:: DATA FOR ANALYSIS

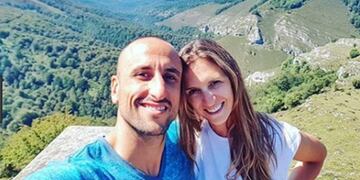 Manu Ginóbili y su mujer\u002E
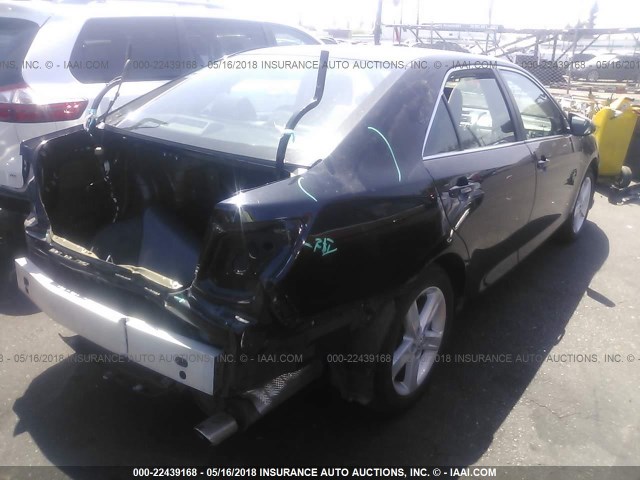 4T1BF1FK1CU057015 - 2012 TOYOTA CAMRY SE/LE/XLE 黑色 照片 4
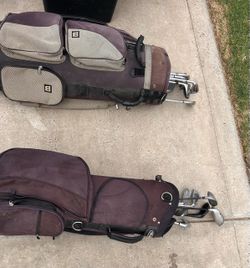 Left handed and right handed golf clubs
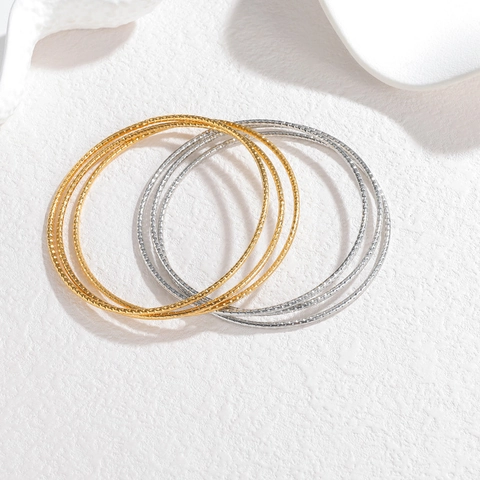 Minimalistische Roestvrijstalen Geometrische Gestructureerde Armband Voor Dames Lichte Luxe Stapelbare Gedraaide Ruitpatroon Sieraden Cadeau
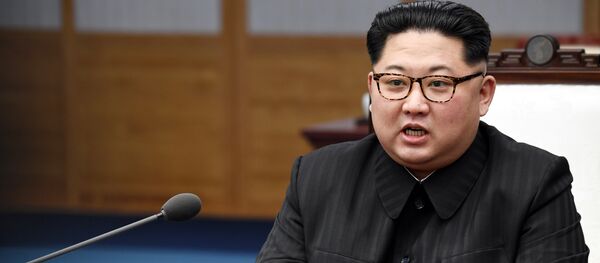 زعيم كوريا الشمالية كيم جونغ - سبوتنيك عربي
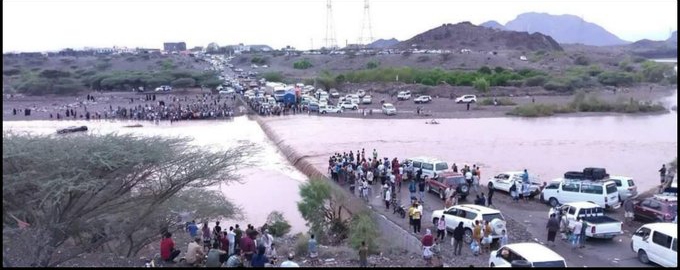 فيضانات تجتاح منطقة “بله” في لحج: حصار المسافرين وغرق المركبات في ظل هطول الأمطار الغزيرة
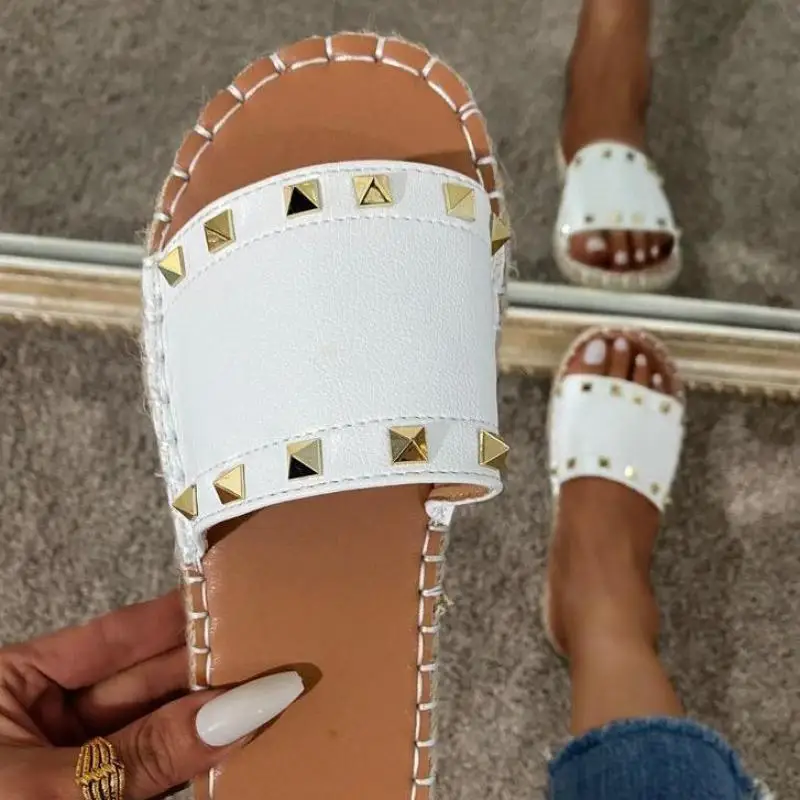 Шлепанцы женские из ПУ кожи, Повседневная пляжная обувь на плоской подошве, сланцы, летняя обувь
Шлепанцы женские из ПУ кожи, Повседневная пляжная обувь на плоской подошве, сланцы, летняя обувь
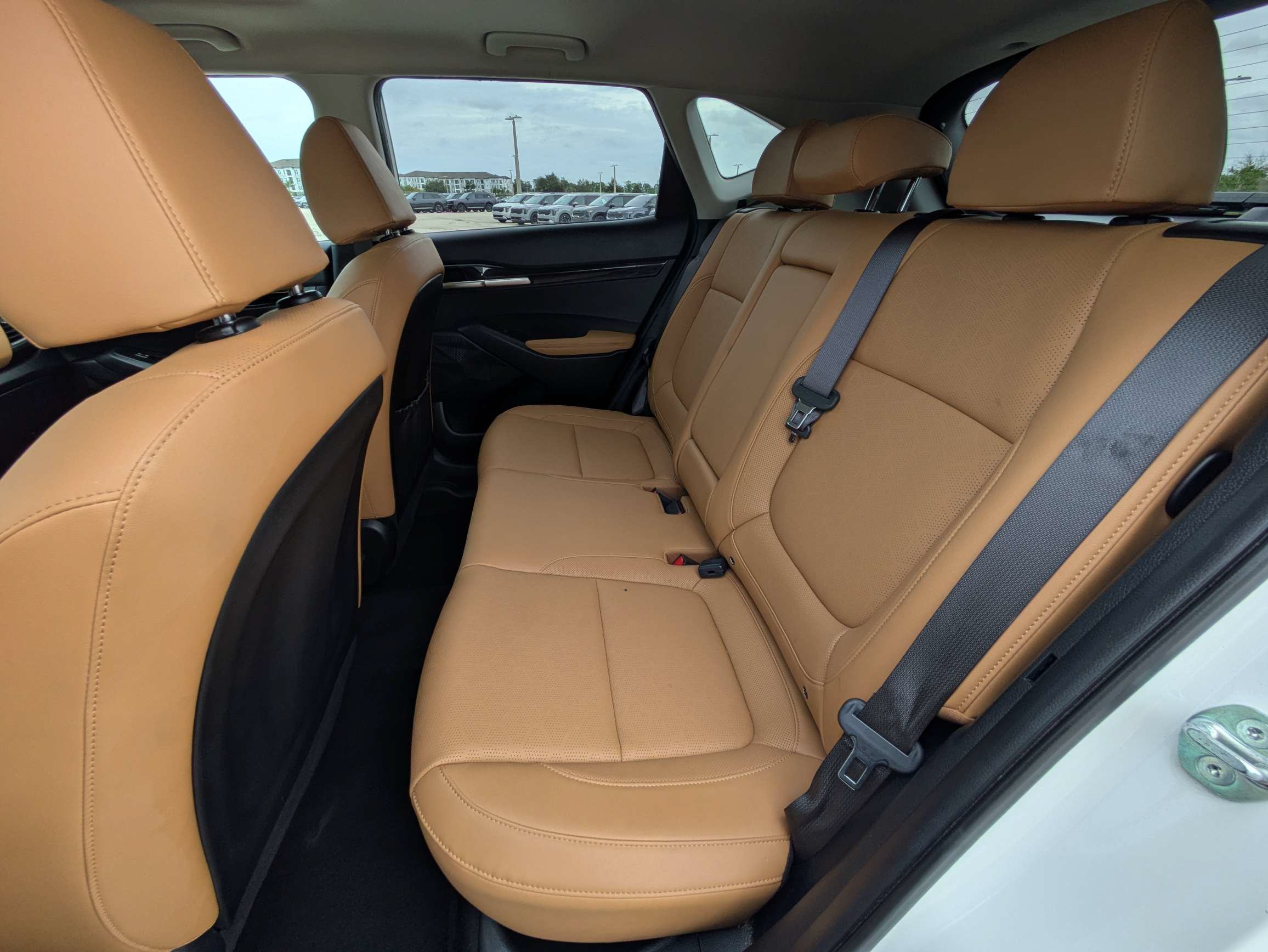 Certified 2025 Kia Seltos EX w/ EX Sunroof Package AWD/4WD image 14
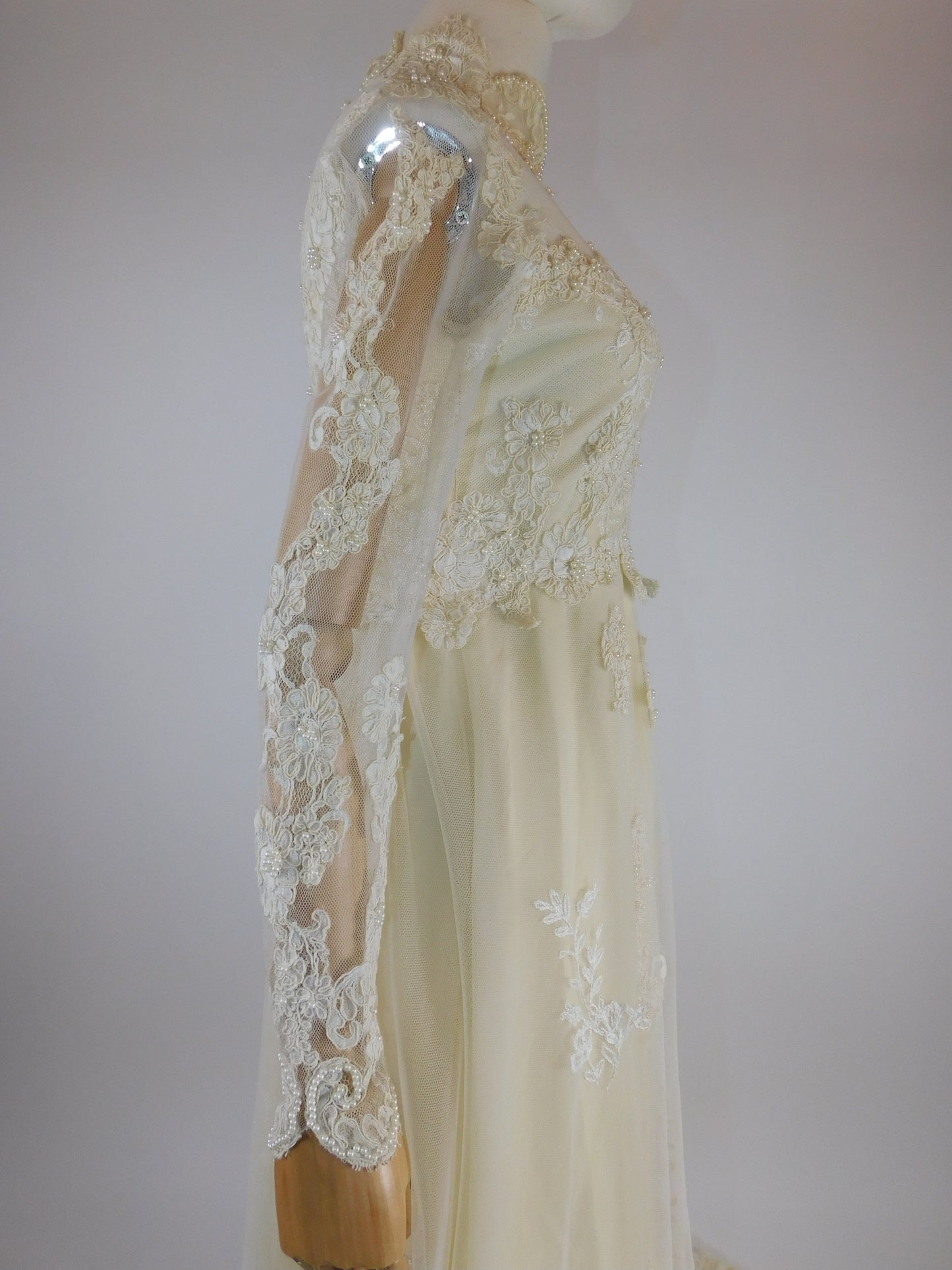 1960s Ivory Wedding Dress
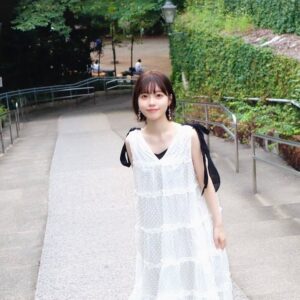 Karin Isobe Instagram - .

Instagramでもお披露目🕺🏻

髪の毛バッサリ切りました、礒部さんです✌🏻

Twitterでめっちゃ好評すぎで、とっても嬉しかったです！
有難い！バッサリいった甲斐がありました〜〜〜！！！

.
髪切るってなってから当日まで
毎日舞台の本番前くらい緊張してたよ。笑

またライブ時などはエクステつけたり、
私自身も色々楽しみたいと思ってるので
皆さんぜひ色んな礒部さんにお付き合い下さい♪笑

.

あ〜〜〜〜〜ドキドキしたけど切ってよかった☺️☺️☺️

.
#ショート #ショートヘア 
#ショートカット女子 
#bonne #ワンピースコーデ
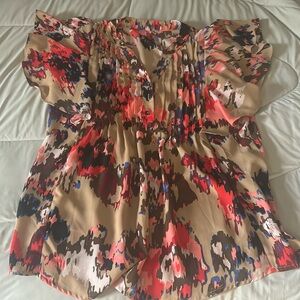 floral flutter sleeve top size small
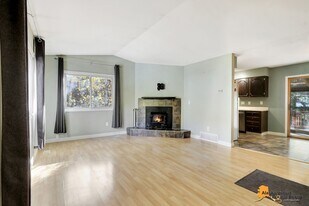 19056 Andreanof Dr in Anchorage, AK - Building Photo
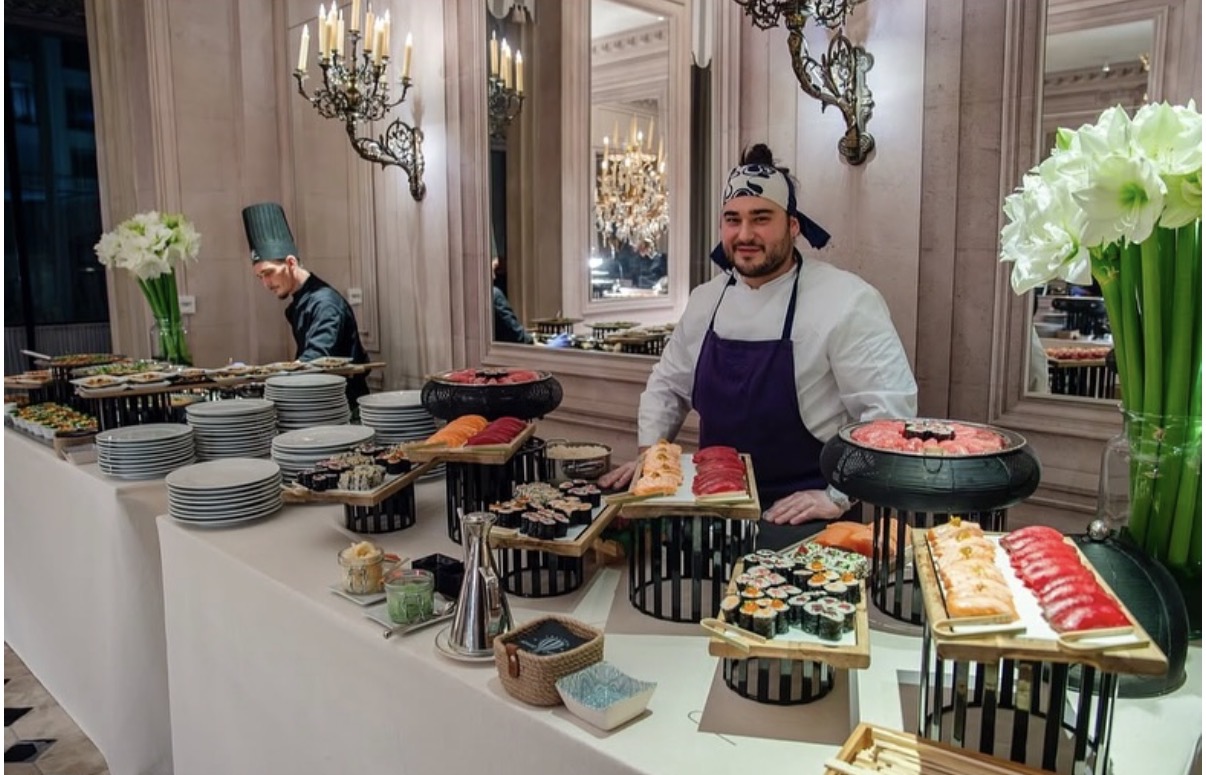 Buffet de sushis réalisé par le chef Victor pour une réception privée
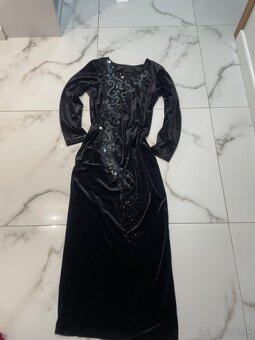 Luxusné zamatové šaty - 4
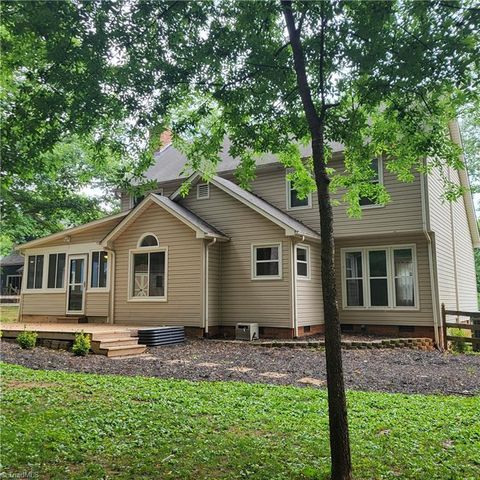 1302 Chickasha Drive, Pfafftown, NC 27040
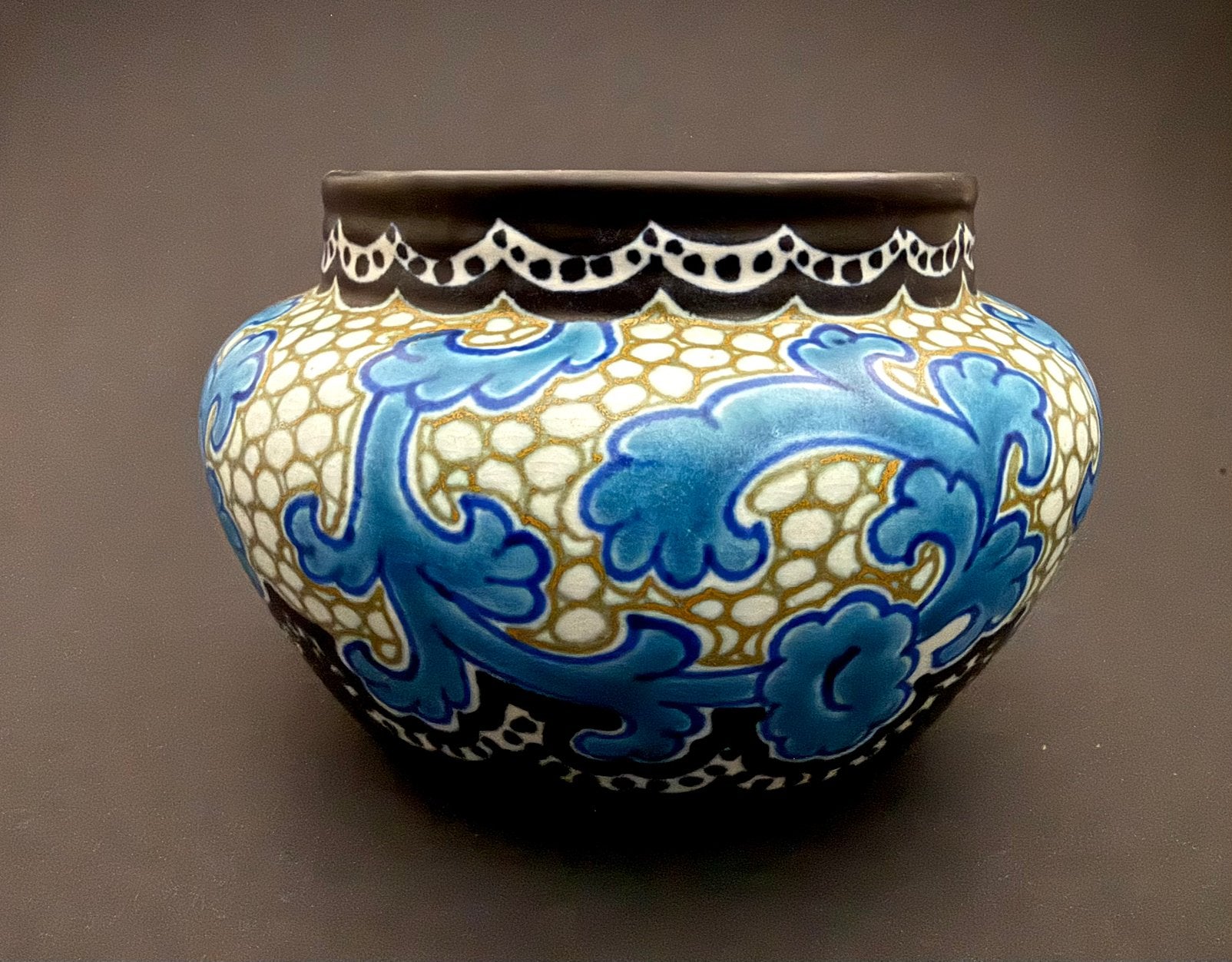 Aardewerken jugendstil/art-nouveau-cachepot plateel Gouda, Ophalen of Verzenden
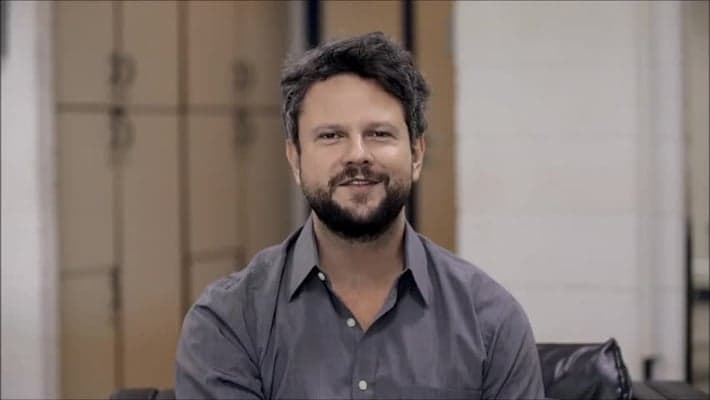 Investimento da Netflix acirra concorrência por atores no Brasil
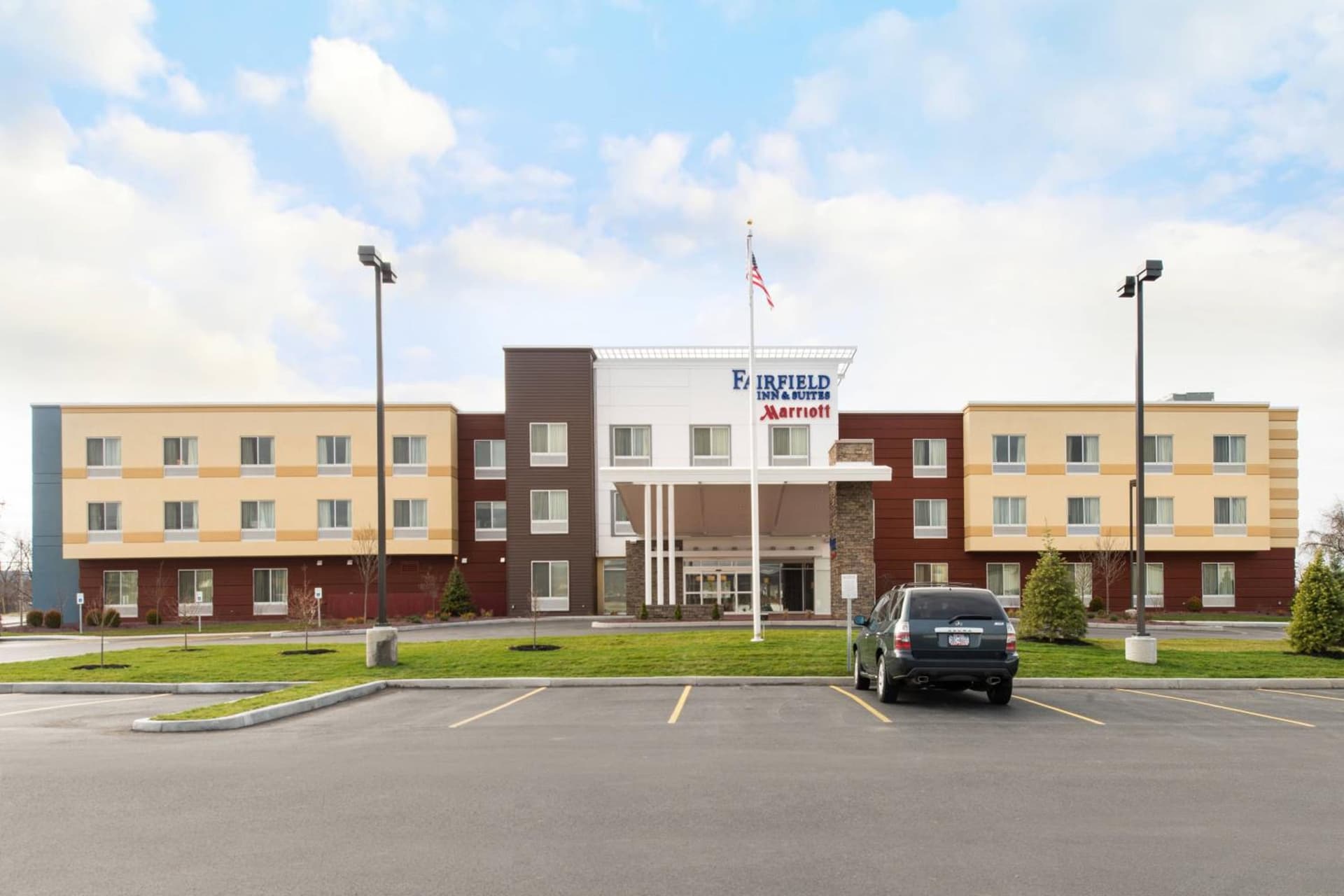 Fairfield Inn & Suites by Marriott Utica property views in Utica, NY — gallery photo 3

::::

WORK REQUEST:
Restate each line from the start of the listing through the line bearing "Buffet de sushis" word for word. Drop the pictures.

RESPONSE TO THE TASK:
 Manu Ginóbili y su mujer\u002E
 4T1BF1FK1CU057015 - 2012 TOYOTA CAMRY SE/LE/XLE 黑色 照片 4
 Left handed and right handed golf clubs
 Minimalistische Roestvrijstalen Geometrische Gestructureerde Armband Voor Dames Lichte Luxe Stapelbare Gedraaide Ruitpatroon Sieraden Cadeau
 زعيم كوريا الشمالية كيم جونغ - سبوتنيك عربي
 فيضانات تجتاح منطقة “بله” في لحج: حصار المسافرين وغرق المركبات في ظل هطول الأمطار الغزيرة
 Шлепанцы женские из ПУ кожи, Повседневная пляжная обувь на плоской подошве, сланцы, летняя обувь
Шлепанцы женские из ПУ кожи, Повседневная пляжная обувь на плоской подошве, сланцы, летняя обувь
 Certified 2025 Kia Seltos EX w/ EX Sunroof Package AWD/4WD image 14
 1960s Ivory Wedding Dress
 Karin Isobe Instagram - .

Instagramでもお披露目🕺🏻

髪の毛バッサリ切りました、礒部さんです✌🏻

Twitterでめっちゃ好評すぎで、とっても嬉しかったです！
有難い！バッサリいった甲斐がありました〜〜〜！！！

.
髪切るってなってから当日まで
毎日舞台の本番前くらい緊張してたよ。笑

またライブ時などはエクステつけたり、
私自身も色々楽しみたいと思ってるので
皆さんぜひ色んな礒部さんにお付き合い下さい♪笑

.

あ〜〜〜〜〜ドキドキしたけど切ってよかった☺️☺️☺️

.
#ショート #ショートヘア 
#ショートカット女子 
#bonne #ワンピースコーデ
 floral flutter sleeve top size small
 19056 Andreanof Dr in Anchorage, AK - Building Photo
 Buffet de sushis réalisé par le chef Victor pour une réception privée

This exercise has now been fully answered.